* RECORDS FOR THE EXERCISE *
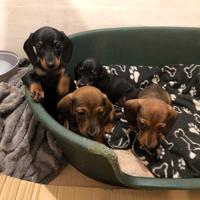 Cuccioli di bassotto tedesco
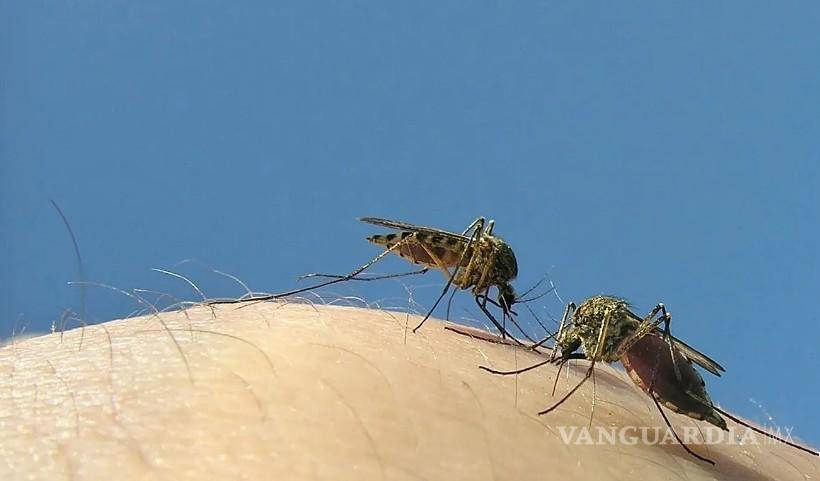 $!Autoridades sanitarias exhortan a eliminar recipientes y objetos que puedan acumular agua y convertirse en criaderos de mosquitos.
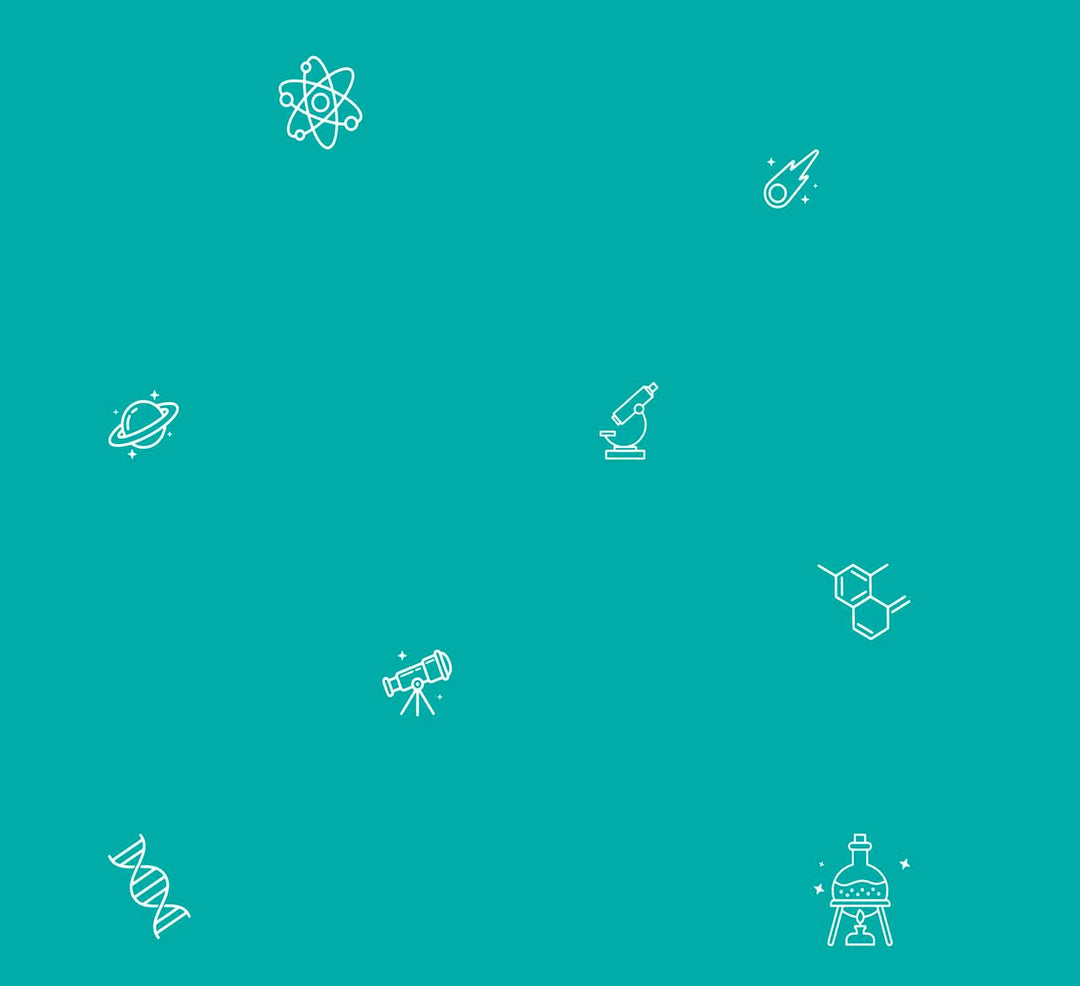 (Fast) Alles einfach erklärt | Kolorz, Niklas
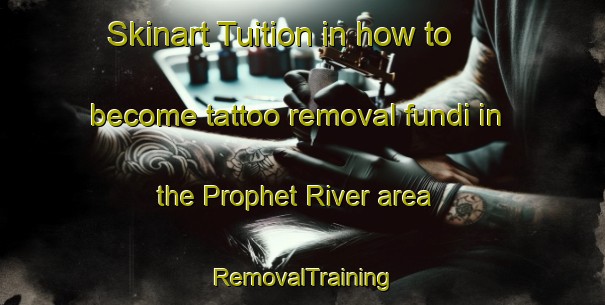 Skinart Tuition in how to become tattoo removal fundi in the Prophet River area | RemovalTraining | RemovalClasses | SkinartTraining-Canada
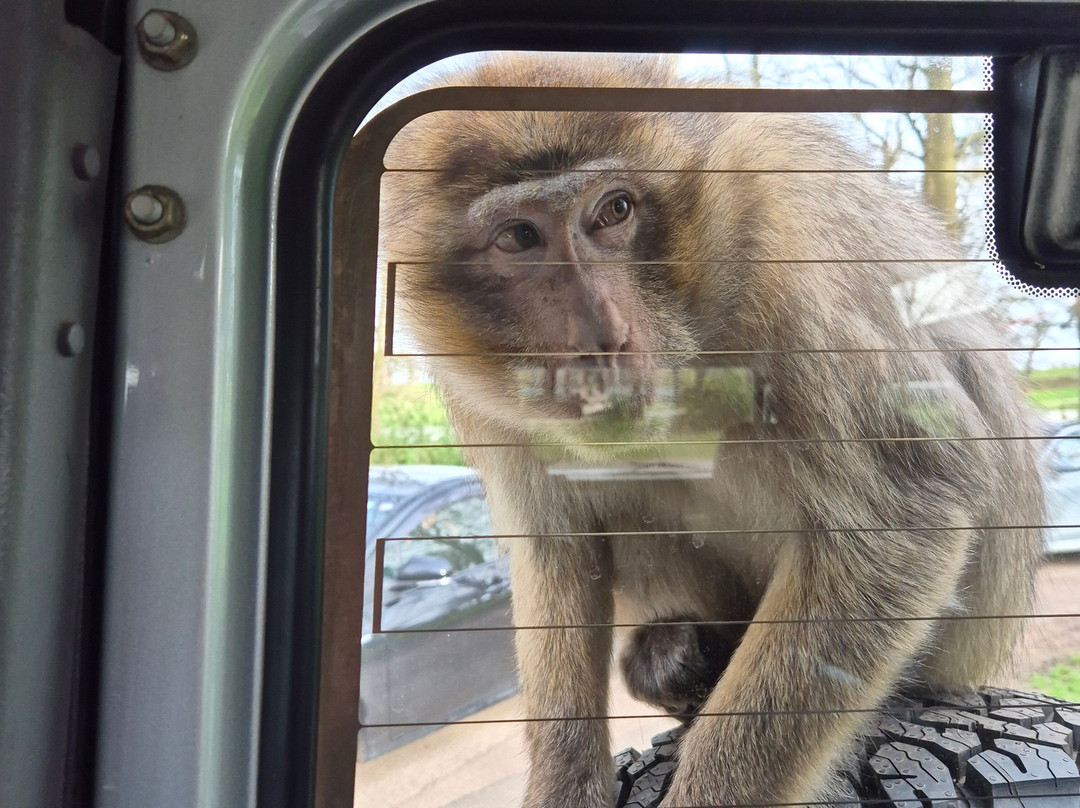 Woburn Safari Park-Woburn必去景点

---

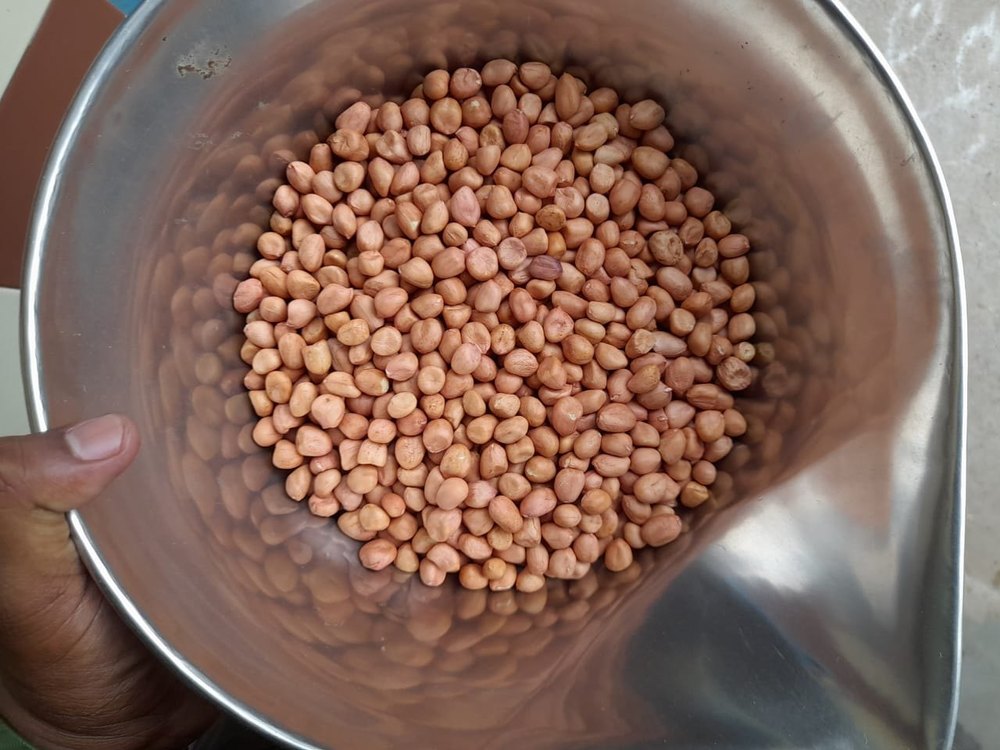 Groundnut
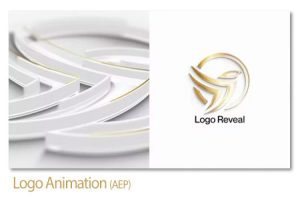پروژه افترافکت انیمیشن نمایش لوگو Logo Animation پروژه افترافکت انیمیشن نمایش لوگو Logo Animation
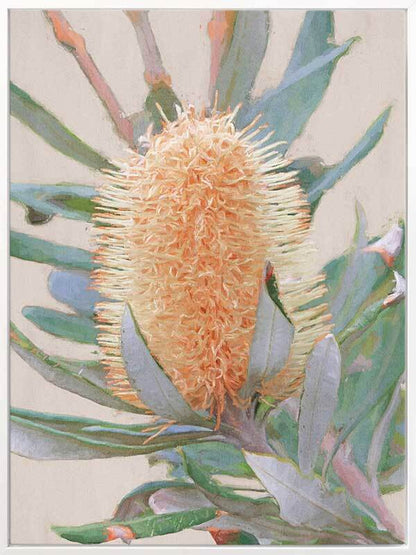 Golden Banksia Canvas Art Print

* YOUR INSTRUCTIONS *
Starting with the line that has "Skinart Tuition in" and going on through the line that has "Woburn Safari Park-Woburn必去景点", transcribe the records above exactly, but skip the pictures.

* ANSWER BOX *
 Skinart Tuition in how to become tattoo removal fundi in the Prophet River area | RemovalTraining | RemovalClasses | SkinartTraining-Canada
 Woburn Safari Park-Woburn必去景点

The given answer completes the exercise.